1. If the L, Q, R represents inductance, charge and resistance respectively, the unit of-

(a) $\dfrac{QR}{L}$ will be those of current

(b) $\dfrac{{Q^2}{R^3}}{L^2}$ will be those of energy

(c) $\dfrac{QL}{R}$ will be those of current

(d) $\dfrac{{Q^3}{R^2}}{L}$ will be those of power

(Ans. option a)

2. A calorie is a unit of heat (Energy in transit) and it equals around $4.2~J$ where $1~J = 1 \text{Kg}~\text{m}^2\text{s}^{-2}$. Suppose we employ a system of units in which the unit of mass equals $\alpha~\text{Kg}$, the length equals $\beta~\text{m}$, the unit of time is $\gamma~\text{s}$. Then what will be the magnitude of calories in terms of new units?

(Ans. $4.2~{\alpha}^{-1}~{\beta}^{-2}~{\gamma}^{2}$)

### Conclusion

In this chapter we discussed units and measurements. We get to know that in measurement every unit which is not fundamental, can be represented as a fundamental unit. In a measurement device, the least count is the ability of the device to measure the smallest possible value. We also discussed errors in measurement. We went through some formula based problems which are very useful while we are solving the questions in the NEET exam.

NEET Important Chapter - Unit and Measurements

## FAQs on NEET Important Chapter - Unit and Measurements

1. What is the weightage of Unit and Measurement in the NEET exam?

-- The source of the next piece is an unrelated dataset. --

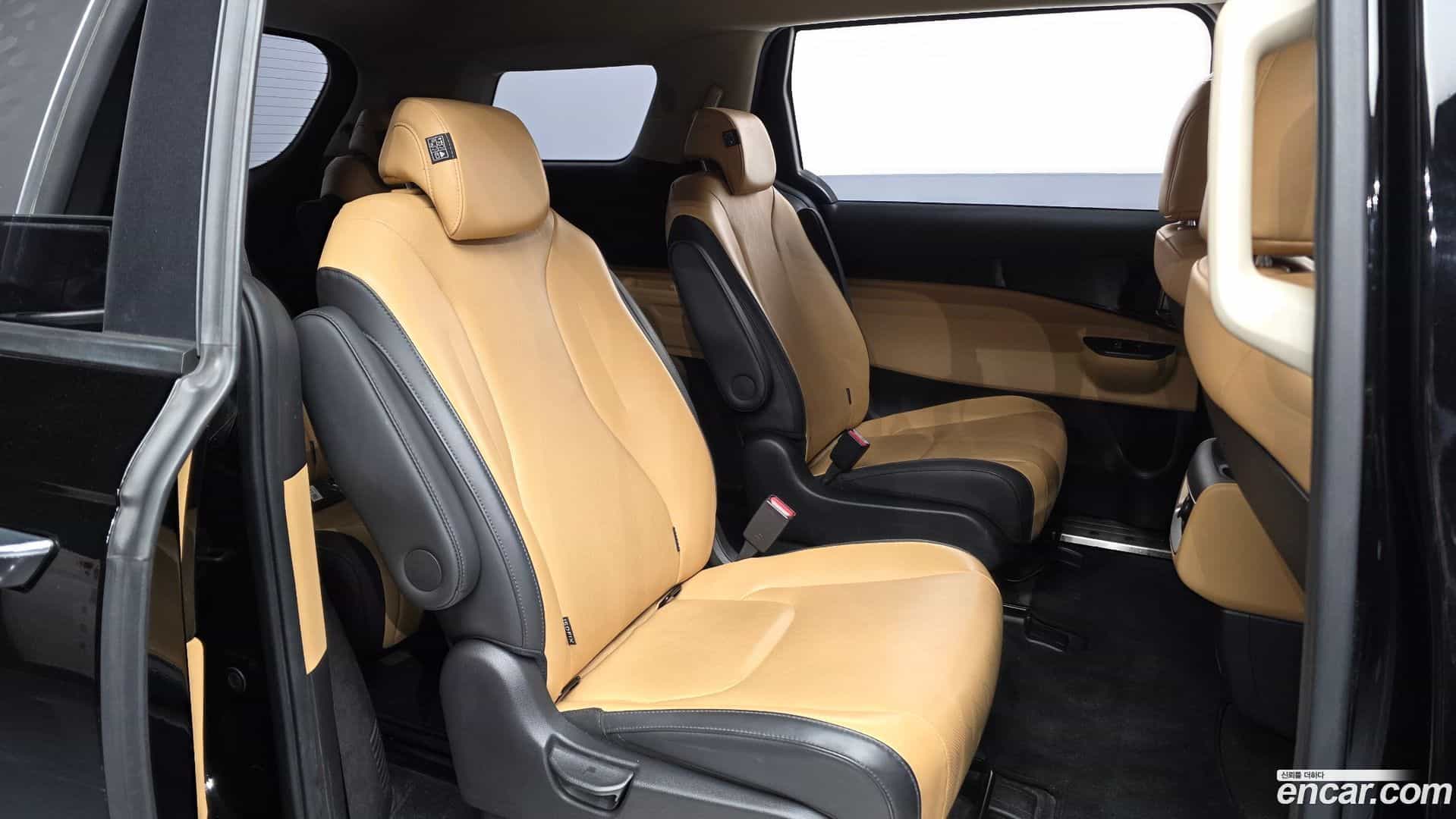 Canival Kia 2022.10-OPTION-016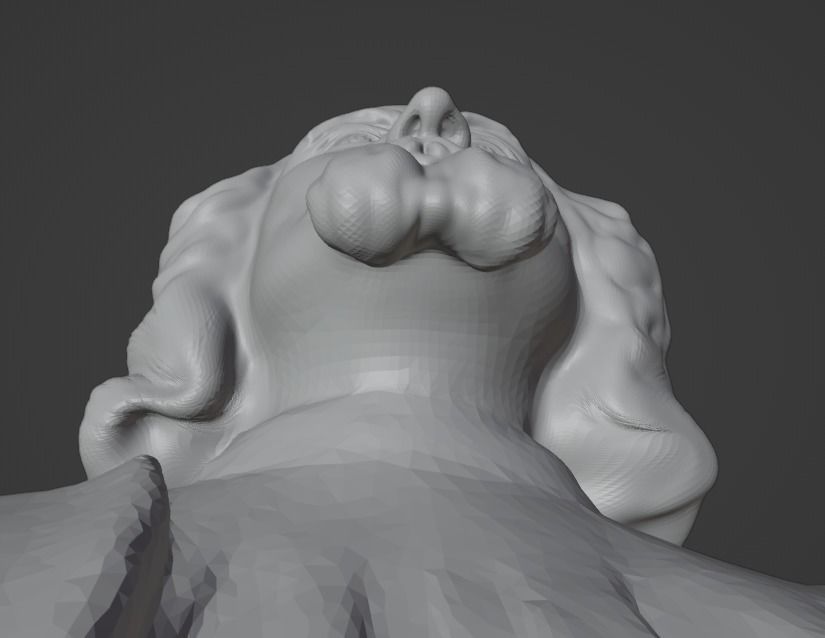 Jan Amos Comenius 3D print model_7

In the NEET exam, there are 45 questions asked in physics. Out of 45, there is 1 question on average that comes under chapter Units and Measurements, which is nearly 2% of the whole physics section.

2. How can someone secure full marks for questions from Units and Measurement in the NEET exam?

Unit and Measurement is a very simple and fundamental chapter of physics. It is the basics of physics, as in whole physics we are going to use units and dimensions. To use these we first need to know what it is and how it is derived, which comes under the chapter Units and Measurement. If we practice Previous Year Question Paper and reference books then anyone can easily get full marks in the exam.

3. What is the difficulty level of questions in the NEET Exam from chapter Units and Measurement?

As far as NEET is concerned, the difficulty level is medium for chapter Units and Measurement. According to previous year's question papers, most of the time questions are asked from derived units or from errors in measurement. If someone goes through the Previous year's question paper then it can be helpful to understand the level of difficulty of questions that come under this chapter.